À gauche, à côté de la grotte de Lourdes, au milieu des jardins du Vatican, est garé la petite Papamobile Blanche du Pape émérite. En outre, un policier en uniforme bleu surveille. Benoît se promène deux fois par jour, après le déjeuner sur la terrasse du monastère et à la fin de l’après-midi dans les jardins, accompagné de son secrétaire privé, l’archevêque Georg Gänswein.

Vendredi, 16h25, dans une semaine c’est Pâques. Je suis en train d’attendre notre Pape allemand et je suis nerveuse, bien que j’ai accompagné différentes fois Benoît XVI lors de ses voyages à l’étranger et que même une fois je lui ai serré la main. J’ai sur le rebord de la fenêtre de mon bureau une photo, où je suis à côté de lui.
Le 28 février 2013, le premier Pape allemand depuis 1523 (Adrien VI), renonçait volontairement à sa charge. À ce moment-là il a dit qu’il voulait se consacrer à la prière et à la méditation et laisser l’Église catholique aux mains de son successeur. «Et à cela, le Pape Benoît se tient fermement » a dit Mgr Gänswein à BUNTE, lors de la promenade avec son patron. « Il n’est jamais sorti du Vatican depuis la renonciation. À l’exception de quelques jours de vacances à 25 km, à Castel Gandolfo, qui appartient aussi au Vatican. Il se sent bien dans son monastère. Maintenant c’est sa maison».
Comment va-t-il? Est-il encore en forme? Toutes ces questions me passaient par la tête alors que j’attendais. « Demandez-lui ce que vous voulez et soyez comme d’habitude » me conseille l’archevêque Gänswein. « Parlez un peu plus fort, le Pape entend moins bien depuis quelque temps».

Le Pape émérite Benoît XVI a été vu récemment à l’ouverture de l’Année Sainte, le 8 décembre 2015. Immédiatement après François, il a été le second à passer la Porte Sainte de Saint-Pierre.
À la main droite, sa canne, sa main gauche appuyée sur son secrétaire privé. « Benoît est mentalement lucide (ndt: il aurait fallu éventuellement dire «il est d’une lucidité incroyable» !!!), il continue à s’intéresser à tout, il participe à la vie de l’Église et du monde. Sa journée est strictement organisée. Mâtines, Bréviaire, petit déjeuner, lecture, correspondance. En plus, il y a une longue liste de demandes de visite, mais tout ne peut pas être réalisé ».
Mgr Gänswein ajoute : « Il lui est de plus en plus difficile de marcher. La force des jambes diminue. Il n’est pas malade, il ne souffre de rien en particulier. C’est seulement la vieillesse. Il utilise régulièrement un déambulateur. Cela lui donne de la sécurité et il peut s’accrocher à lui».
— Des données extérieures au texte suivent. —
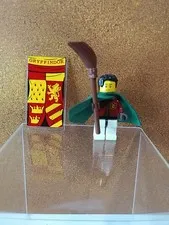 LEGO Harry Potter minifigure of Oliver Wood from the Quidditch Match sets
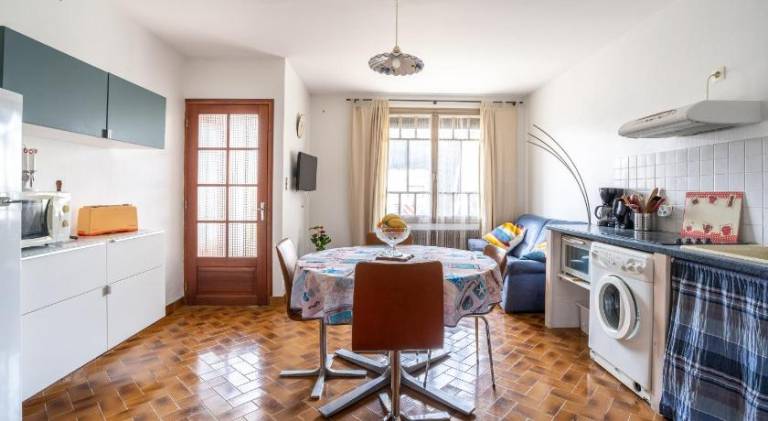 Rental apartment with BBQ & terrace — photo 3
Et il arrive. À petits pas hésitants, appuyé sur son déambulateur, le Pape Benoît vient vers moi. À ses côtés l’Archevêque Georg Gänswein, tous les deux récitant le Rosaire. Une image intime, elle me fait sourire. Le Pape Benoît, qui même après sa renonciation est appelé «Saint Père», porte une simple soutane blanche, une veste blanche et sur la tête une casquette blanche. L’Archevêque porte le même vêtement, à la seule différence que tout est en noir.
Ils sont à quelque dix pas devant moi. L’archevêque enlève la casquette du vieux Pape et pousse le déambulateur sur le côté. Peu à peu, avec les bras ouverts et un sourire accueillant et ouvert, le Pape Benoît vient vers moi. « Oui, Bienvenue .. C'est bien que vous soyez ici!».
Plus petit que je me le rappelais, légèrement courbé vers l’avant et un peu plus frêle. Mais ses yeux sont lumineux, son visage plus plein qu’auparavant et ses joues rosies par l’air frais. Il prend mes mains dans les siennes, comme il l’a toujours fait en tant que Pape. Il a les mains douces et chaudes.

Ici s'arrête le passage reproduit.